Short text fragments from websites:
=== Section Start ===
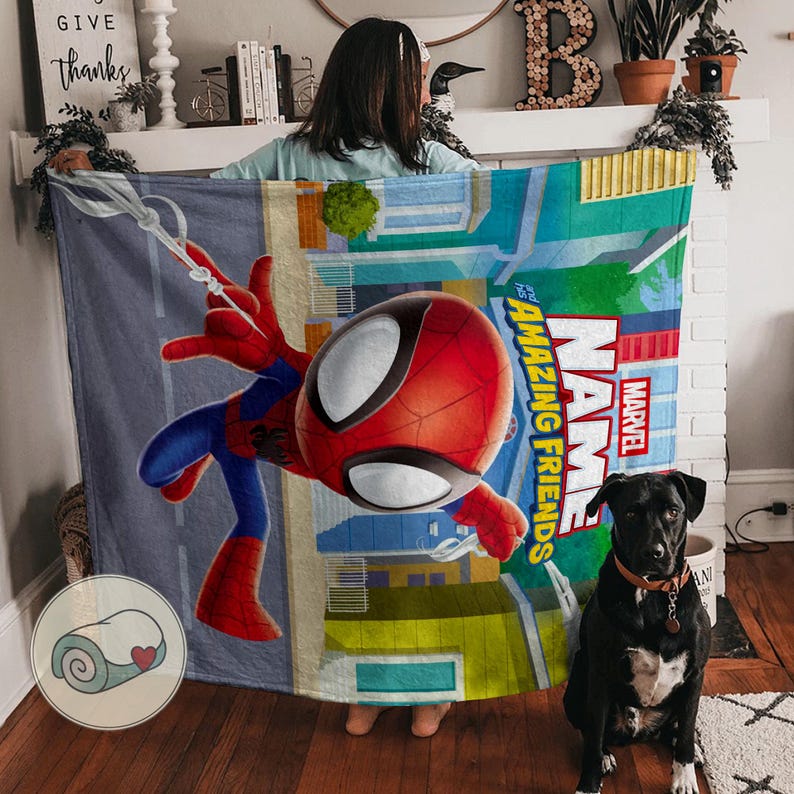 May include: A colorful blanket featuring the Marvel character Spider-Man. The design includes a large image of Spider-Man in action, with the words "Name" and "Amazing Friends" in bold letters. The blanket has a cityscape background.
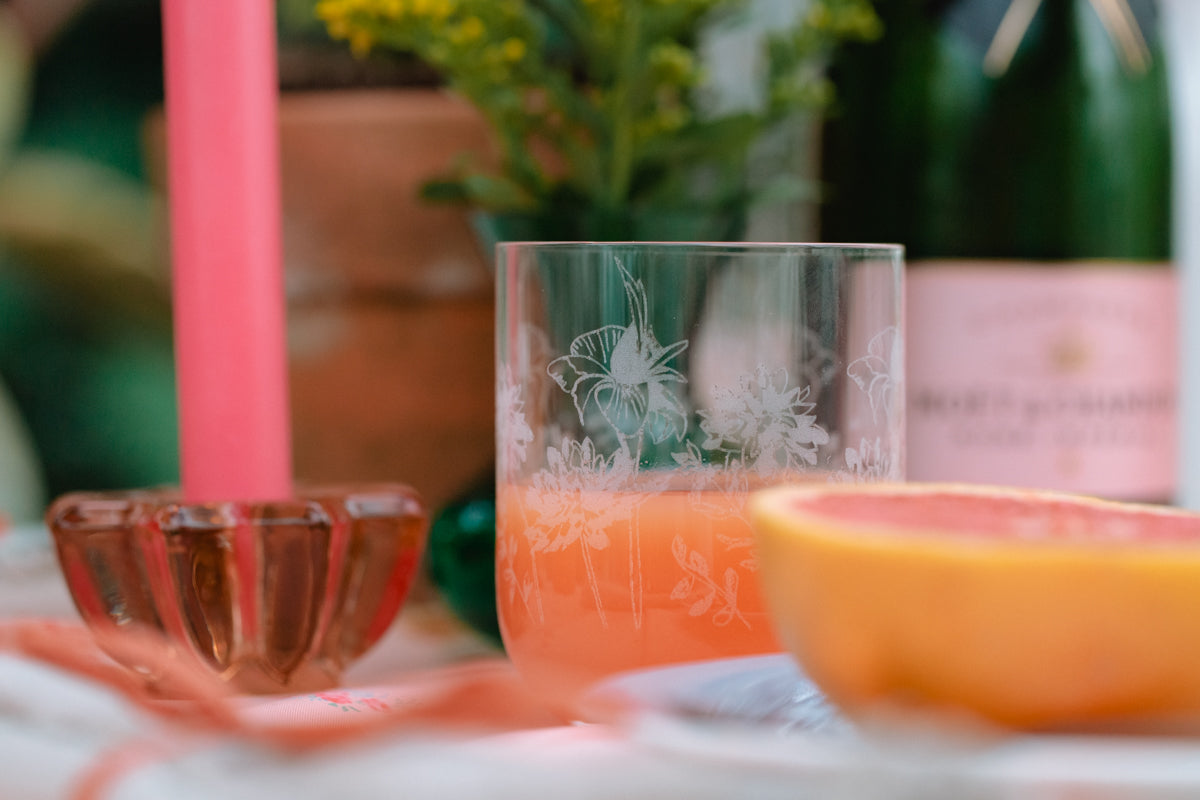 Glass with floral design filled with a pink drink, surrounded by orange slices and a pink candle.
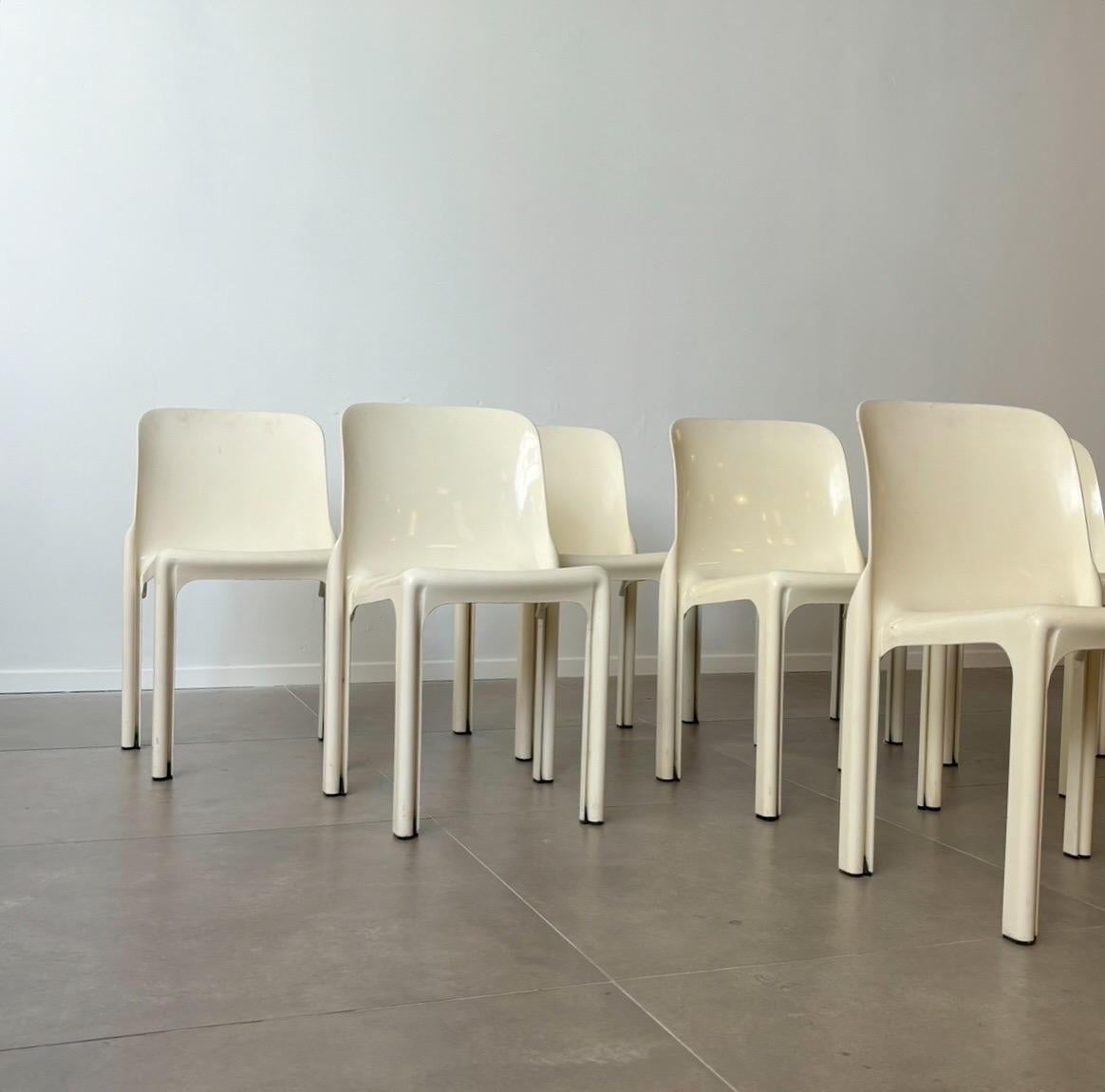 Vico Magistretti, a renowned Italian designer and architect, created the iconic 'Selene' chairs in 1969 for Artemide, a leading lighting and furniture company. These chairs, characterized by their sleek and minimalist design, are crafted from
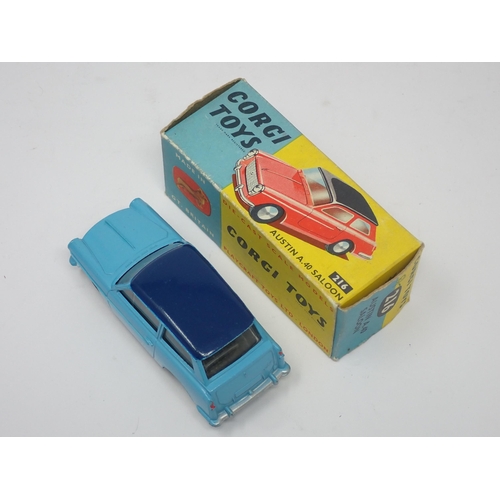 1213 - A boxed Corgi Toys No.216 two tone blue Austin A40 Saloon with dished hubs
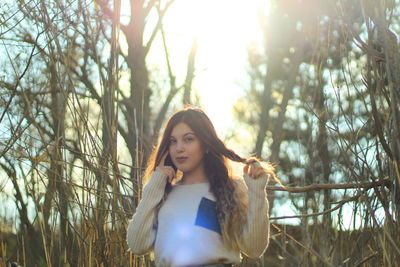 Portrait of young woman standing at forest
=== Section End ===
- _Aim of the task_: Each line of the data must be transcribed exactly; pictures are not carried over.

- _Response_:
 May include: A colorful blanket featuring the Marvel character Spider-Man. The design includes a large image of Spider-Man in action, with the words "Name" and "Amazing Friends" in bold letters. The blanket has a cityscape background.
 Glass with floral design filled with a pink drink, surrounded by orange slices and a pink candle.
 Vico Magistretti, a renowned Italian designer and architect, created the iconic 'Selene' chairs in 1969 for Artemide, a leading lighting and furniture company. These chairs, characterized by their sleek and minimalist design, are crafted from
 1213 - A boxed Corgi Toys No.216 two tone blue Austin A40 Saloon with dished hubs
 Portrait of young woman standing at forest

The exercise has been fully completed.